29 A cet égard, il suffit de relever que, selon la jurisprudence de la Cour (voir arrêt du 17 octobre 1991, Commission/Espagne, C-35/90, Rec. p. I-5073, point 7), le royaume d'Espagne ayant assujetti les livraisons d'armement, de munitions et de matériel à usage exclusivement militaire provenant d'autres États membres au régime général de la TVA par la loi n_ 30/85, qui est entrée en vigueur le 1er janvier 1986, il ne pouvait dès lors plus se prévaloir par la suite de la faculté de continuer à exonérer ces activités en vertu de l'article 28, paragraphe 3, sous b), de la sixième directive.

30 Il convient encore de relever qu'une exonération rétroactive, telle que celle prévue par la législation espagnole, serait contraire à la finalité de la disposition communautaire. En effet, il résulte d'une jurisprudence constante que l'article 28, paragraphe 3, sous b), de la sixième directive s'oppose, par son libellé même, à l'introduction de nouvelles exonérations (voir arrêts du 8 juillet 1986, Kerrutt, 73/85, Rec. p. 2219, point 17, et du 27 octobre 1992, Commission/Allemagne, C-74/91, Rec. p. I-5437, point 15).

31 En ce qui concerne la portée de l'article 28, paragraphe 3 bis, introduit par la directive 91/680, qui autorise le royaume d'Espagne à accorder une exonération de TVA aux opérations visées aux points 23 et 25 de l'annexe F, il y a lieu de constater qu'une telle exonération, en tant qu'exception, est d'interprétation stricte (voir arrêt Commission/Espagne, précité, point 9) et ne fait disparaître que partiellement le manquement du royaume d'Espagne. En effet, d'une part, le manquement subsiste dans sa totalité jusqu'au 1er janvier 1993, date d'entrée en vigueur de la directive 91/680, et, d'autre part, la dérogation introduite par cette dernière ne concerne que les aéronefs et les bateaux de guerre.

32 Dans ces conditions, il y a lieu de constater que, en exonérant de la TVA les importations et les acquisitions intracommunautaires d'armement, de munitions et de matériel à usage exclusivement militaire, autres que les aéronefs et les bateaux de guerre visés aux points 23 et 25 de l'annexe F de la sixième directive, dans sa version résultant de la directive 91/680, nonobstant les dispositions des articles 2, point 2, 14, 28 bis et 28 quater, B, de cette même directive, le royaume d'Espagne a manqué aux obligations qui lui incombent en vertu de ladite directive.

Décisions sur les dépenses


Sur les dépens

33 Aux termes de l'article 69, paragraphe 2, du règlement de procédure, toute partie qui succombe est condamnée aux dépens, s'il est conclu en ce sens.
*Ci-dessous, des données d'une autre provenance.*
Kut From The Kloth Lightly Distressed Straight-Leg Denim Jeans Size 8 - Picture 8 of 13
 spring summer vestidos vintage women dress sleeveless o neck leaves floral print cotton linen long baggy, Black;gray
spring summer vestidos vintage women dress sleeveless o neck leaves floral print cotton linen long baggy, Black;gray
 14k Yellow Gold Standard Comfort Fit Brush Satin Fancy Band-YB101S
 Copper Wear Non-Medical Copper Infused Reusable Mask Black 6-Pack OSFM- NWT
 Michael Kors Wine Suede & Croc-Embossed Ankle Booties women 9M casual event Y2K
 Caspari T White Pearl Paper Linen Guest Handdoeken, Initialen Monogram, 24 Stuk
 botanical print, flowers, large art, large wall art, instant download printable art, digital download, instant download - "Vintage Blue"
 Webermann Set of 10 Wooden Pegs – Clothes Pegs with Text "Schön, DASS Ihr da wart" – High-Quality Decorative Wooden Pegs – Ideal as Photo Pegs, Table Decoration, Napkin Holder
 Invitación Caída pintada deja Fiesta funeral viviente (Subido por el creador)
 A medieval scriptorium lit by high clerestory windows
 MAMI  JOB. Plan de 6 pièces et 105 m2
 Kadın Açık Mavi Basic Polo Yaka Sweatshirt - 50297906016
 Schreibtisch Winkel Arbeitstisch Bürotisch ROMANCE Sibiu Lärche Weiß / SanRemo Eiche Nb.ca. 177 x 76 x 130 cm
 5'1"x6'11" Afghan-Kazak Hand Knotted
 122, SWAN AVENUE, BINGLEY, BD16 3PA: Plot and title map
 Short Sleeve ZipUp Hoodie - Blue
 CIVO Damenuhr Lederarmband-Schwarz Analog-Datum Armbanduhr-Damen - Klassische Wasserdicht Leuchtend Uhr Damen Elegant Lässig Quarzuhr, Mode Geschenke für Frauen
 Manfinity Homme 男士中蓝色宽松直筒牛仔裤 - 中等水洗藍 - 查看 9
Le royaume d'Espagne ayant succombé en ses moyens et la Commission ayant conclu à sa condamnation, il y a lieu de le condamner aux dépens.

Dispositif


Par ces motifs,

LA COUR

(sixième chambre)

déclare et arrête:

1) En exonérant de la taxe sur la valeur ajoutée les importations et les acquisitions intracommunautaires d'armement, de munitions et de matériel à usage exclusivement militaire, autres que les aéronefs et les bateaux de guerre visés aux points 23 et 25 de l'annexe F de la sixième directive 77/388/CEE du Conseil, du 17 mai 1977, en matière d'harmonisation des législations des États membres relatives aux taxes sur le chiffre d'affaires - Système commun de taxe sur la valeur ajoutée: assiette uniforme, dans sa version résultant de la directive 91/680/CEE du Conseil, du 16 décembre 1991, complétant le système commun de la taxe sur la valeur ajoutée et modifiant, en vue de l'abolition des frontières fiscales, la directive 77/388, nonobstant les dispositions des articles 2, point 2, 14, 28 bis et 28 quater, B, de cette même directive, le royaume d'Espagne a manqué aux obligations qui lui incombent en vertu de ladite directive.

2) Le royaume d'Espagne est condamné aux dépens.